The generals took over and attacked the part of China that is just North and West
of us. It was around that time they decided to annex Korea too. Henceforth we were to be
a full province of Japan, speak only Japanese, bow in the Japanese way, have
Shinto shrines in our temples and churches, (the religions could continue with their other faiths too), and so
on and so forth. My mother had to speak Japanese all day in school, even on the
playground, or be punished. She was the baby of her family. Her older brothers
were grown and teaching school already. Of course they had to teach in
Japanese, but they never talked to me about that. You can imagine how a people proud of being "The Hermit
Kingdom" for a thousand years felt about that, we who in our own minds felt superior to both the Great
Powers that hemmed us in—the other was China. So here's a secret: Koreans of my
mother's generation are all fluent in Japanese though they are too bitter and
ashamed to admit it.
Which
doesn't stop Song
Doh Elementary
School from being the loveliest of structures,
nor its surrounding playing fields and parks from being, at that time, anything
less than a taste of heaven on earth. Before cars were common, and when even
bicycles were rare, the whole community loved to stroll along the paths around Song Doh
Elementary School in the
evening and on weekends.
During
the Korean War at the beginning of the 1950s, however, Song Doh was flooded with refugees from the North,
thousands of orphans among others.

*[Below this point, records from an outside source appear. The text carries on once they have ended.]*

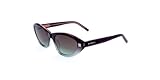Dark brown Givenchy Lunettes de Soleil GV40038I Dark brown 55/17/140 Femme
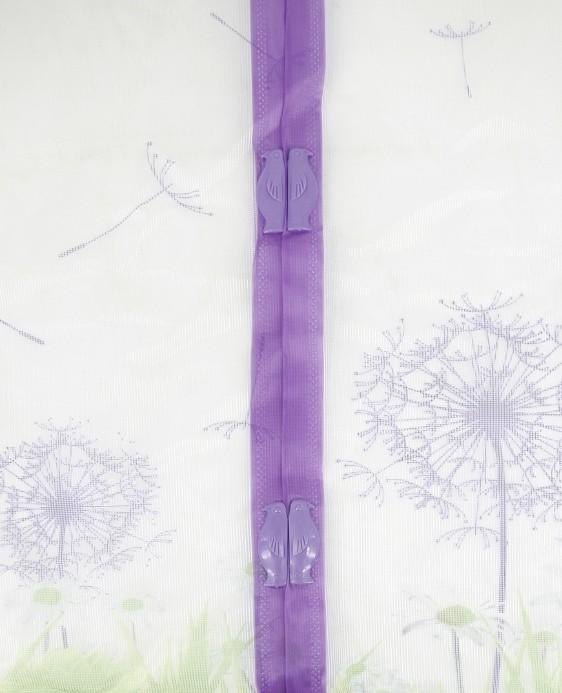 Plasă de țânțari cu imprimeu 100*210 cm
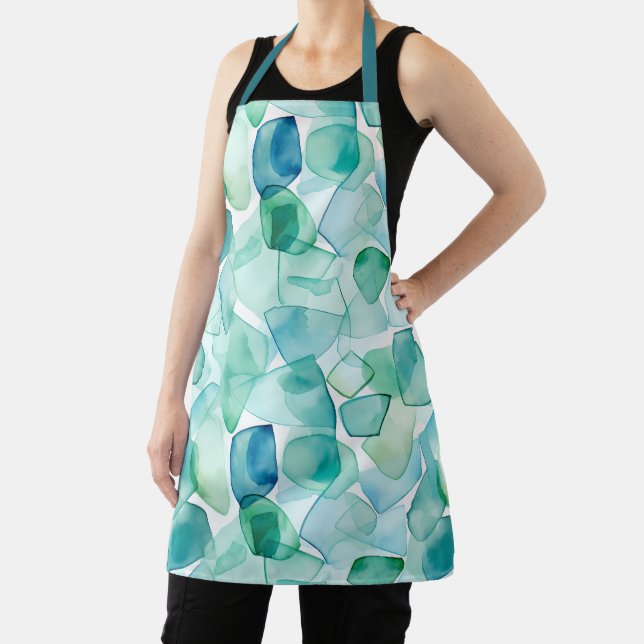 Costal Calm Apron (Insitu)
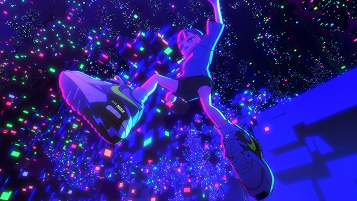 NIKE AIR MAX × ずっと真夜中でいいのに。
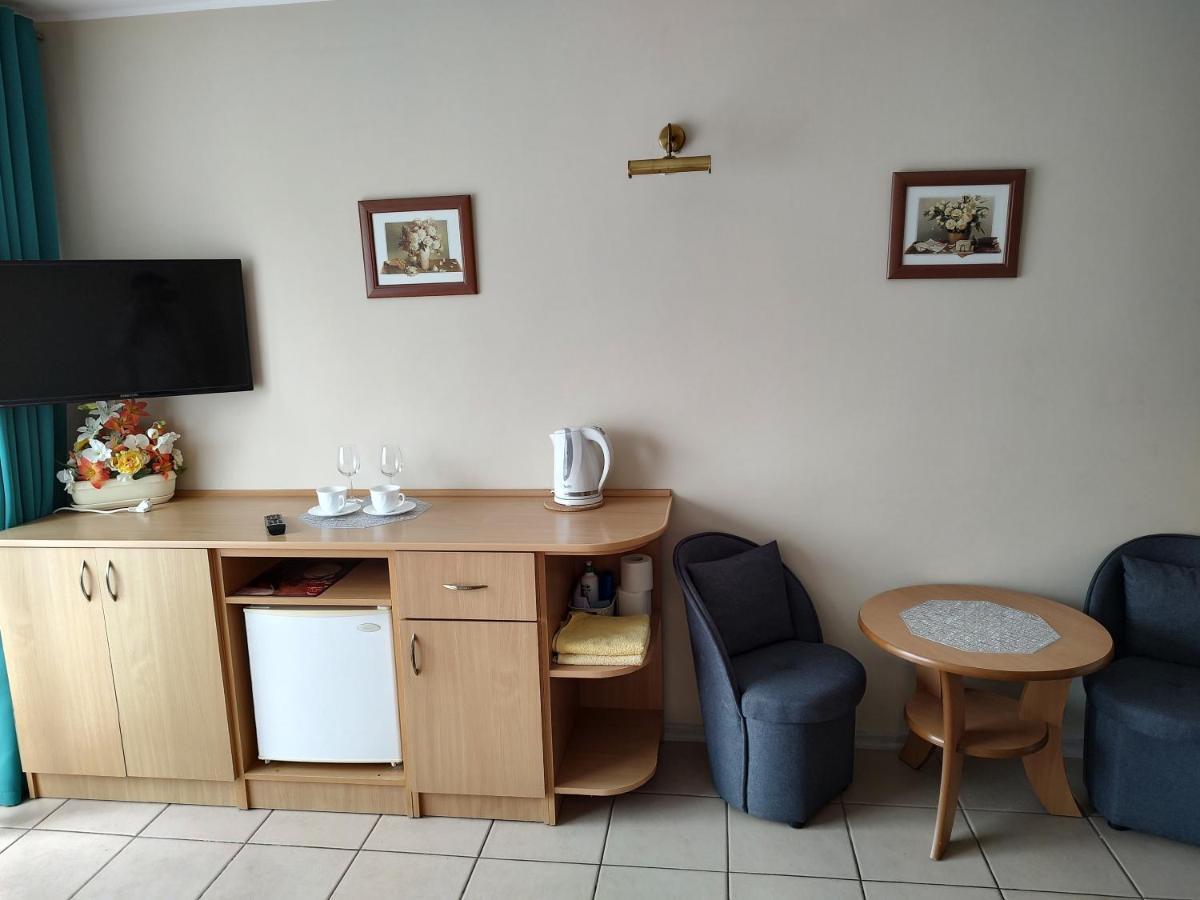 Appartement Pokoje Aleksandra à Władysławowo Extérieur photo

So they extended the original building with
two wings made of concrete bricks, functional but ugly, like the schools my children in Canada go to today.
Back
then Song Doh was a farming community a couple of kilometres from the
street cars that took you to Busan proper. We were on that little neck
of land at the very bottom of South
Korea . You can see it on most maps. Now it's a thicker neck, built up with land reclaimed from the sea and developed for residences and
commerce. Busan is one of the world's great ports, a great
beneficiary of the "economic miracle" of the 70s and 80s. But I'm
writing about a time before that time. You can tell is the unimproved farm village Song Doh
that has first place in my heart.
You'll
be surprised if I call it my little village
school because those eighteen rooms had over a thousand students crammed into
them. I guess I think it "little" compared to the big city junior and senior high schools I was sent to in later years; they were truly scholar factories.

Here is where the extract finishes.